Look to the Earned Income Tax Credit To Truly Help Lower Income Families And Childless Workers In RI
Here comes Governor Raimondo, and will it be Senator Erin Lynch of Warwick alongside her once again, looking to raise the job killing minimum wage?
The better option is the EARNED INCOME TAX CREDIT that actually helps low and moderate income working families, with or without children .
Read the 5 FACTS ABOUT THE EITC here.
Rhode Island needs to increase the tax credit for childless workers as approximately 47,000 childless workers in RI are not yet eligible for the EITC.
Raising the minimum wage alone doesn't cut it!
According to the NCPA (National Center For Policy Analysis):
"Many who would benefit from a minimum wage increase are not poor:
Thirty-four percent of workers who would see their wages increase live in a household making three times the poverty level, of $72,750 for a family of four.
Almost 60 percent of the new minimum wage workers live in households with incomes twice the poverty level or higher, or $48,500 for a family of four.
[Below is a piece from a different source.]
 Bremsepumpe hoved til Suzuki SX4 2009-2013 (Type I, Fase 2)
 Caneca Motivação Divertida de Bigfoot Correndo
In contrast, the EITC supports the working poor in a much more targeted way: Two-thirds of those benefiting from the earned income tax credit earn less than 1.5 times the poverty level. This includes a single parent earning less than $24,000 a year or a single person earning $17,000 or less."
Study after study shows that an increased credit for childless workers, along with a higher federal minimum wage ( $7.25 is the min wage requirement & RI is ranked as one of the top 10 states in the nation already having the highest minimum wage at $9.60), is considered the best possible policy option for making sure our state's lower-income workers are earning enough to support themselves and their families.
Increasing the minimum wage yet again, which would only drive up business operation costs and ultimately lead to more loss of jobs, is not the answer to help our low income workers. Rhode Island policy makers need to expand the EITC to childless workers, and if anything else, increase the credit!